Currently, polls show 42% of the Scottish population plan to vote against independence – with 29% in favour.
The business secretary told the committee of MPs that, in the event of a yes vote, Edinburgh-based RBS would probably move its headquarters to London due to greater stability and protection within the UK.
RBS has repeatedly declined to comment on the issue.
The difficulties creating a workable sterling currency union between the UK and Scotland would also be “so difficult, so tricky, that it would almost certainly prove to be in Scotland’s interests – and indeed the rest of the UK – that Scotland did have its own currency,” Cable stated.
He stated his belief that Scottish first minister Alex Salmond would therefore need to create a “Plan B” to use a new or different currency.
“The plan B is a fully separate currency,” Cable told a House of Commons Business, Innovations and Skills committee hearing, that would have “all the advantages and disadvantages attached to it.”

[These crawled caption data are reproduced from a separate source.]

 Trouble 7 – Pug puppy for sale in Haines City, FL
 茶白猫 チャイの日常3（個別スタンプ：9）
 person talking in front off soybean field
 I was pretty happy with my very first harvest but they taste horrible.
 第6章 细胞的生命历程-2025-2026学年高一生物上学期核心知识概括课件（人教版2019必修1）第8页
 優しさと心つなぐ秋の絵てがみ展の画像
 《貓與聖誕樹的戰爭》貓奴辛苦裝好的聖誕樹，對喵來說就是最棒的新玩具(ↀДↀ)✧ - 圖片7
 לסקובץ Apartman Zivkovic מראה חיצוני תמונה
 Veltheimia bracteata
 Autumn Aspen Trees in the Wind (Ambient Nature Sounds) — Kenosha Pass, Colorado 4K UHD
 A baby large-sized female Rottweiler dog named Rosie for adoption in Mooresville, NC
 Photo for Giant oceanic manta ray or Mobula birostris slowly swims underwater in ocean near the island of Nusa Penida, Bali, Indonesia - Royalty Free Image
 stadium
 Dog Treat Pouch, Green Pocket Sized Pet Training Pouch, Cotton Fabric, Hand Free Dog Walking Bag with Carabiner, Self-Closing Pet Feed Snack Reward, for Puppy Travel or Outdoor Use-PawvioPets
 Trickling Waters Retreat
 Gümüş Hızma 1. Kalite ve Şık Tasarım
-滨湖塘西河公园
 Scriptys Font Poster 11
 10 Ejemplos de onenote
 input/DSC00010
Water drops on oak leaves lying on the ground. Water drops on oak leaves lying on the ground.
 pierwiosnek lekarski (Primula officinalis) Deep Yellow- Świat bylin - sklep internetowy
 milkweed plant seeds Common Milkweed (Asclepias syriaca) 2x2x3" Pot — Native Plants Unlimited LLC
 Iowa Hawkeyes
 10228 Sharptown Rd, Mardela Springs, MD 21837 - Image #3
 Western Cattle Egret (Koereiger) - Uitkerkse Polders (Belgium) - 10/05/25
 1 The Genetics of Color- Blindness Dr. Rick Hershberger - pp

Cable’s warnings signal a hardening of the UK Government’s stance on the proposal, and come after similar statements from the Governor of the Bank of England Mark Carney, Chancellor George Osborne, and the chief executive of oil group BP Bob Dudley, on the difficulties of creating a new currency union for an independent Scotland.
Britain pumped GBP 45 billion pounds into RBS – a pillar of Scotland’s financial industry – during the 2008 financial crisis.
This left taxpayers with an 81% shareholding in what, thanks to expansion from former chief executive Fred Goodwin, was briefly the world’s largest bank.
By 2016, the expected year that Scotland would declare independence after a yes vote, RBS would likely be privately owned.
Therefore the RBS board was be given far greater independence on these kind of key business decisions.
“If you were managing RBS,” Cable stated, “I think you would almost certainly want to be in a domicile where your bank is protected against the risk of collapse.”
RBS already has a “substantial amount of their management in London and I would have thought, inevitably, they would become a London bank.”
Citing the billions of pounds of trade over the border, and the UK’s dependence on North Sea oil and gas reserves, Scottish Prime Minister Salmond has vigorously disputed claims a currency union would not be in the UK’s best interests.
In addition, the Scottish National Party has stated it would be “absurd” for the UK to fight against a currency union; and to damage its trading links with a Scotland.
A spokesman for John Swinney, the Scottish finance secretary, said: “The pound is as much Scotland’s as it is the rest of the UK’s, and the [Scottish government’s] fiscal commission working group … have concluded that it’s in the interests of both Scotland and the UK to continue to retain sterling in a formal monetary union.”
Whilst this echoes the Scottish Government’s economic advisers, who have constantly pushed the need for a sterling pact, other economists maintain that the burdensome currency union terms imposed on Scotland would, in effect, mean Scotland would not be fiscally independent.